Amukamara didn’t sign a record-breaking deal this offseason, but his three-year, $27 million contract — with $18 million guaranteed over two seasons — was enough to give him a newfound appreciation for stability. The previous three seasons, Amukamara played out the final year of three separate contracts.
“I think the pressure’s off,” Amukamara said. “Now you can play even more free. I don’t know why guys’ play declines [after signing big contracts]. I can play more free. I’m not worried about getting subbed out. I’m not worried about getting cut, all that stuff. I’m not worried about trying to impress everybody. Now I can home in and play my game.”
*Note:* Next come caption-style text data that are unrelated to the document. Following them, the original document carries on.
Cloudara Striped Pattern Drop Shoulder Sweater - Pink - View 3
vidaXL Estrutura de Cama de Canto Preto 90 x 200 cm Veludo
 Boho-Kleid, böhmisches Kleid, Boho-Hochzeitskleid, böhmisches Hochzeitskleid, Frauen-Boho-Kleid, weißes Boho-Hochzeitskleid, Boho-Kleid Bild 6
A year ago, cornerback was one of the franchise’s biggest concerns, short term and long term. With Amukamara re-signed and Kyle Fuller resurgent, though, the starting positions are among the most stable parts of a defense that returns its entire coaching staff and most of its relevant contributors. It’s likely the Bears’ 11 Week 1 starters against the Packers are all returning members of last year’s team.
“The fact we’ve got continuity working for us — not only personnel but the same defense and coaches — we’re going to be as good as we want to be,” Amukamara said. “To be honest, what better way to have a test than the first game Sunday night?”
The only drama of Thursday night’s preseason game will be among players fighting for spots at the back end of the roster. Amukamara, who has recovered from a groin injury, will watch with 30 or so players from the sideline.
He was a solid performer last season despite turning in his second consecutive year without an interception. In eight full years, he only has logged more than one pick in one season. The lanky Amukamara said that playing press corner, in which he jams receivers at the line, has limited his chances.
“I’ve been playing off a little more,” he said, “so I’ve been able to see things before they actually happen. . . . The last couple of years, I came up a little short. But takeaways have been heavily stressed. As a defense, we feel that’ll get us to where we want to be.”